> **What is needed**: A line belongs in the answer only if it contains the word "Photo"; copy every such line from the listing below.

> **Input records**:

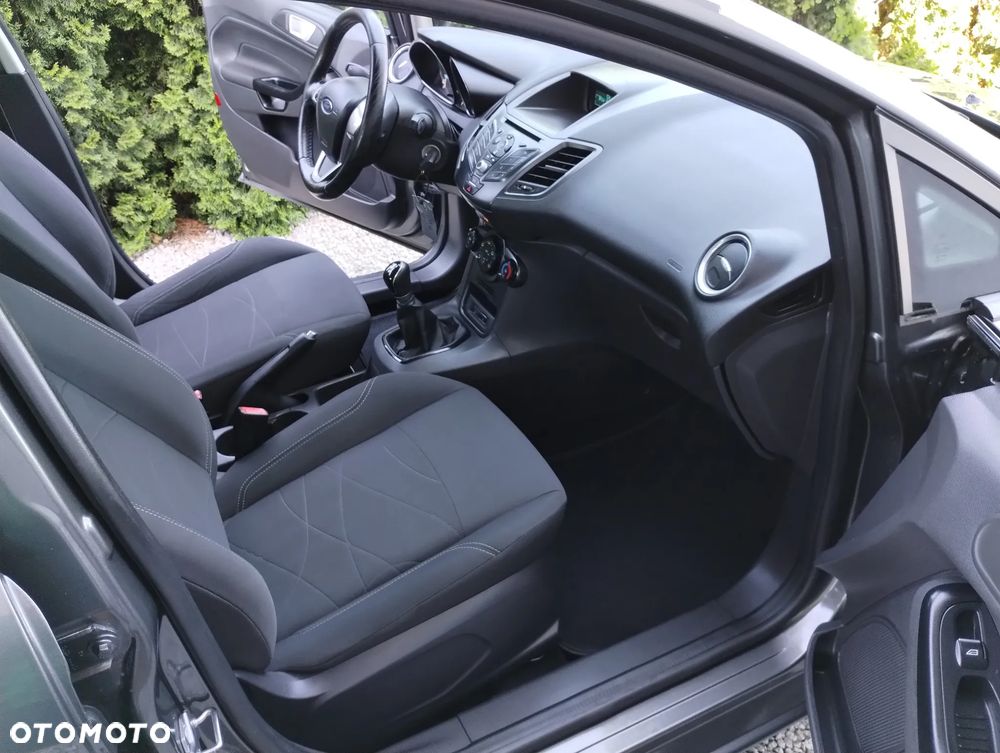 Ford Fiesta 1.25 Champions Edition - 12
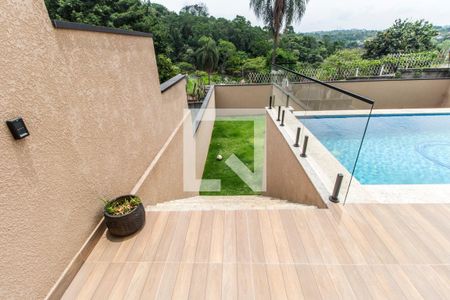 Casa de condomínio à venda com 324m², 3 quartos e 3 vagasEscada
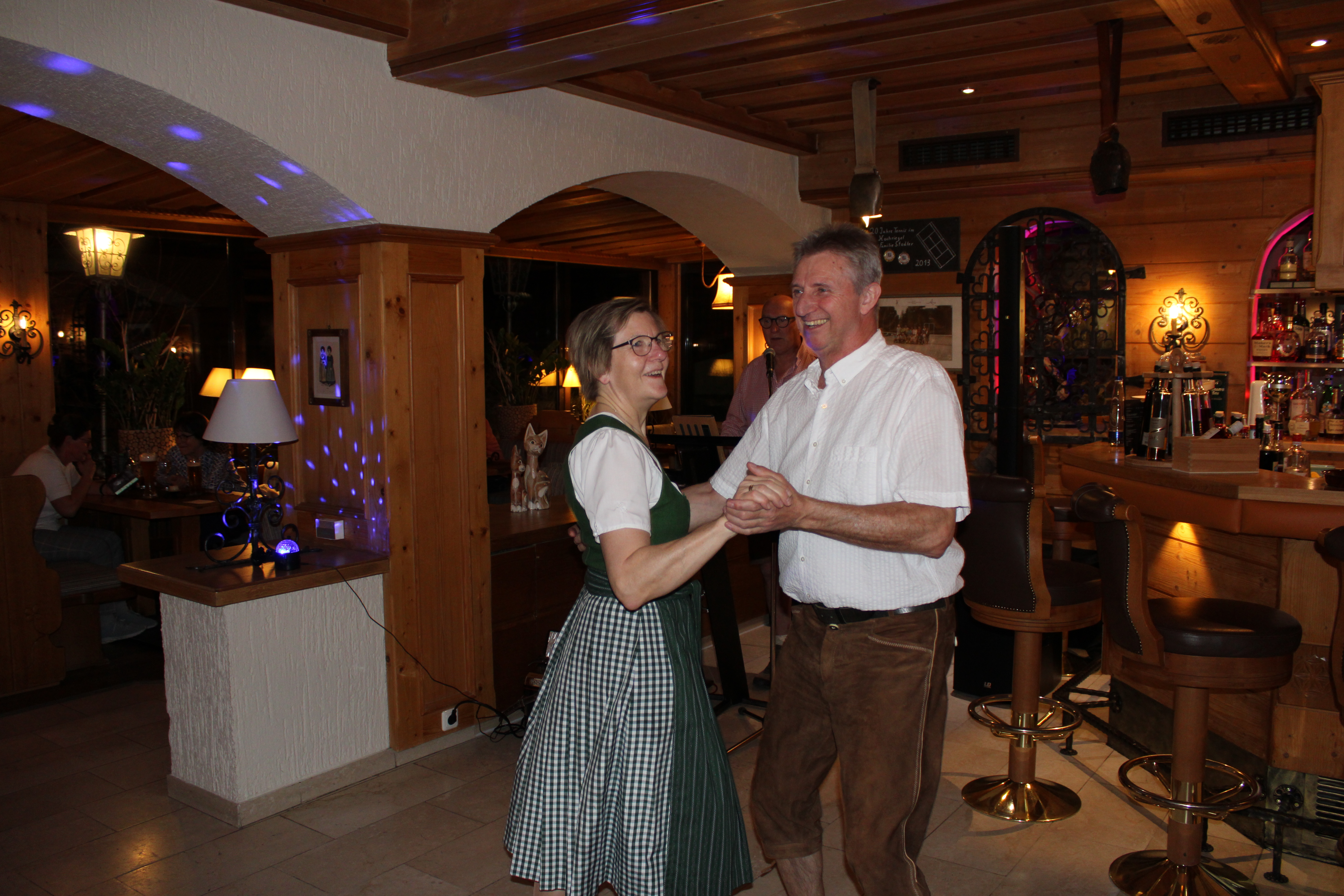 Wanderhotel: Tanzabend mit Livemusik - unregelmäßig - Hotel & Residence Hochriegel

...

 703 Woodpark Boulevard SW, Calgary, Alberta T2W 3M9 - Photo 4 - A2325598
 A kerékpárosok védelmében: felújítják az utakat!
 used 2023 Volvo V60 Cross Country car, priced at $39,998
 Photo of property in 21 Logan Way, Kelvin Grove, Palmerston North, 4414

> **Answer box**:
 703 Woodpark Boulevard SW, Calgary, Alberta T2W 3M9 - Photo 4 - A2325598
 Photo of property in 21 Logan Way, Kelvin Grove, Palmerston North, 4414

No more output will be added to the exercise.